Python- Pandas Starter

Code effortlessly.

Pandas is a python library which is mainly used for tabular data operations. It is an important part of data science toolkit. The APIs in Pandas provide a wide range of functionality and they are simple to implement.

Pandas can be installed via pip:

pip install pandas

The two main components of pandas library are ‘series’ and ‘dataframe’. Series can be thought of as a column in a table where dataframe is the table.

Let us try to create a dataframe from scratch:

import pandas as pd

dc = {
"col1": [1,2,3,4,5],
"col2": [2,3,4,5,6]
}

df = pd.DataFrame(dc)
print(df)

If we check the datatype of the ‘df’ object we will get a class dataframe.

print(type(df))

Let us call the first column and check its datatype:

print(df['col1'])
print('\n',type(df['col1']))

From the above exercise we can see that every column in a dataframe is a series.
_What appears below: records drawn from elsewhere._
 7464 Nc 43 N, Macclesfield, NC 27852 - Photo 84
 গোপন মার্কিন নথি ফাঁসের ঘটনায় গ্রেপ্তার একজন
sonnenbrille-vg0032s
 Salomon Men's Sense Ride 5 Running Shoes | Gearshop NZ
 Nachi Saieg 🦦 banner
Pandas series can contain more than one type of data unlike numpy arrays.

We can create a dataframe from python lists:

import pandas as pd

dc = [[1,2,3,4,5],[2,3,4,5,6]]

df = pd.DataFrame(dc).T
df.columns = ["col1","col2"]

print(df)

In the above example we would have created a 2 X 5 dimensional table but by adding .T after the dataframe we have transposed it so that it become 5 X 2 frame.
df.columns is a list which contains all the column names.

We can call a column of a dataframe by:

print(df.loc[:,"col1"]) # df.loc[rows,columns]
print(df["col1"])

.loc is used when we want to call the columns by their names.
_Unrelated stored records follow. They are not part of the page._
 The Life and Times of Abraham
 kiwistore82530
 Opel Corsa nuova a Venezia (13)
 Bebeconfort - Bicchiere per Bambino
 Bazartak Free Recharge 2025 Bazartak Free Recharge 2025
We can also use .iloc method to call out columns with their index values.

import pandas as pd

df = pd.read_csv('cm31MAR2021bhav.csv')
df = df.drop('Unnamed: 13',axis=1)
print(df.iloc[:,0])

1.Loading data:

Pandas has several APIs to load data from different types of files (csv, excel, json).

a. Reading from csv:

import pandas as pd

df = pd.read_csv('cm31MAR2021bhav.csv')
print(df)

By looking at the data we can see there are some extra columns.

print(df.columns)

We can check what are the unique values in the column ‘Unnamed: 13’ by using unique method.

print(df['Unnamed: 13'].unique())

The ‘Unnamed: 13’ is column that sometimes appears while loading data from file.
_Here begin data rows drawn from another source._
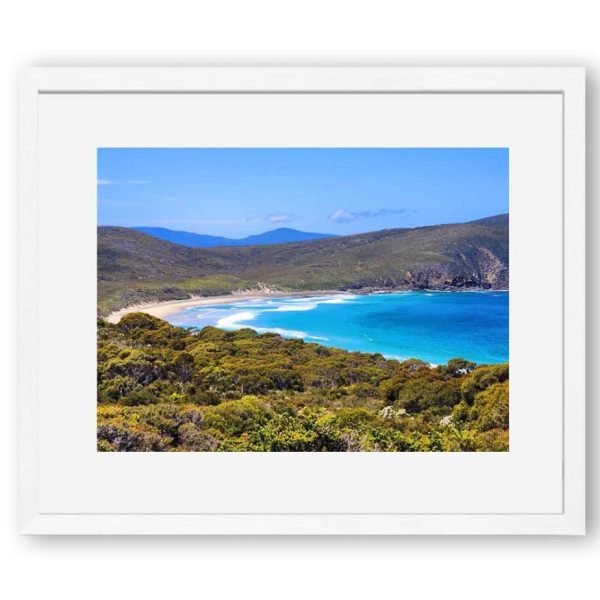 Bruny 3
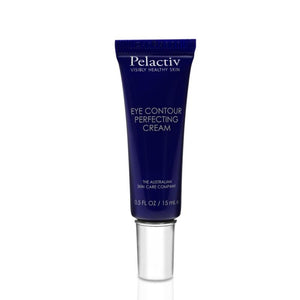 Pelactiv Eye Contour Perfecting Cream
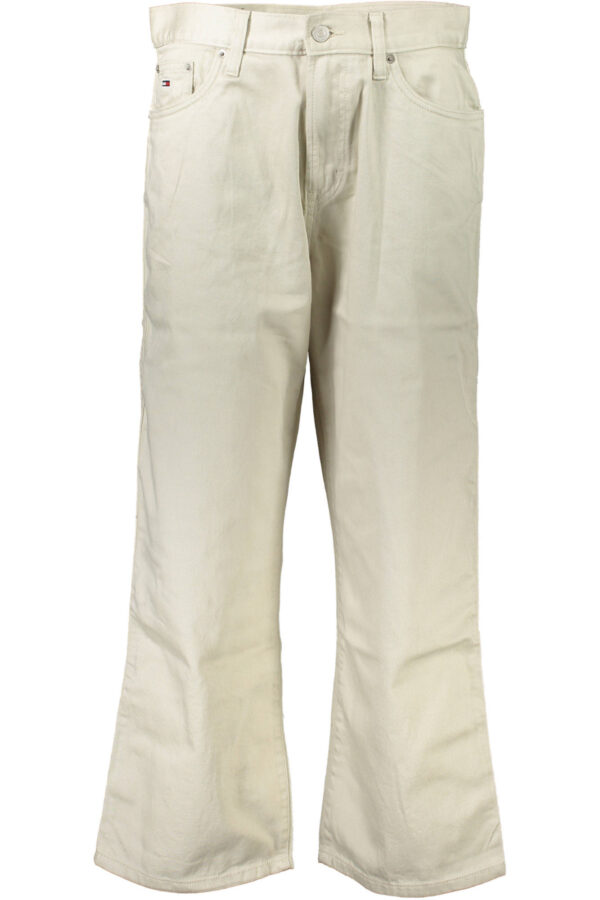tommyhilfigerjeansdenimdonnabeige_1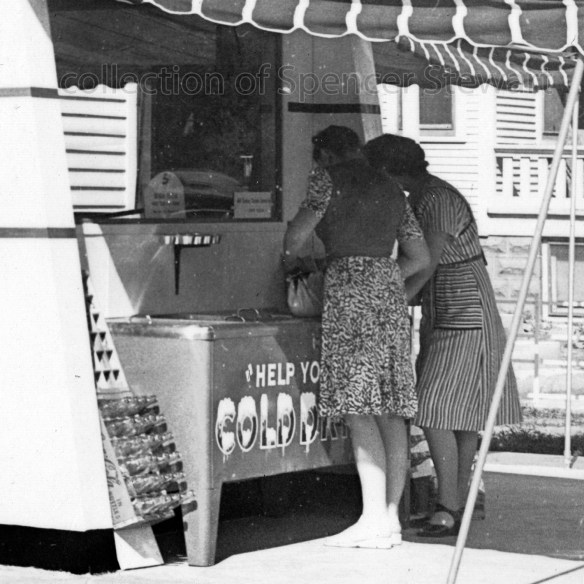 Scan 124 detail watermark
We can get rid of them by using the following statement:

df = df.loc[:, ~df.columns.str.contains('^Unnamed')]

print(df.columns)

b. Reading from json:

import pandas as pd

df = pd.read_json('example.json')
df = df.loc[:, ~df.columns.str.contains('^Unnamed')]
print(df)

c. Reading from excel:

import pandas as pd

df = pd.read_excel('example.xlsx')
df = df.drop('Unnamed: 0',axis=1)
print(df)

2. Description of data:

a. Getting information :

import pandas as pd

df = pd.read_csv('cm31MAR2021bhav.csv')
df = df.drop('Unnamed: 13',axis=1)
print(df.info())

b . Getting correlation:

import pandas as pd

df = pd.read_csv('cm31MAR2021bhav.csv')
df = df.drop('Unnamed: 13',axis=1)
print(df.corr())

3. Viewing data:

a. Top n data:

import pandas as pd

df = pd.read_csv('cm31MAR2021bhav.csv')
df = df.drop('Unnamed: 13',axis=1)
print(df.head(2))

b. Last n data:

import pandas as pd

df = pd.read_csv('cm31MAR2021bhav.csv')
df = df.drop('Unnamed: 13',axis=1)
print(df.tail(2))

4. Appending dataframes:

a. We can append different data frames together one on top of another. Values get appended according to column names.

import pandas as pd

df = pd.read_csv('cm31MAR2021bhav.csv')
df = df.drop('Unnamed: 13',axis=1)
print(df.shape)
df = df.append(df)
print(df.shape)

To experiment more we can create a copy of the dataframe and rename a column.

import pandas as pd

df = pd.read_csv('cm31MAR2021bhav.csv')
df = df.drop('Unnamed: 13',axis=1)
print(df.shape)
df2 = df.copy()
df2.rename(columns={'SYMBOL':'SYM'},inplace=True)
df = df.append(df2)
print(df.shape)
print(df.columns)
print(df.head(4))
print('\n',df.tail(4))

If a column does not exist in one of the dataframes, the same column is created and null values are added to it to make dataframes dimensionally equal before appending them together.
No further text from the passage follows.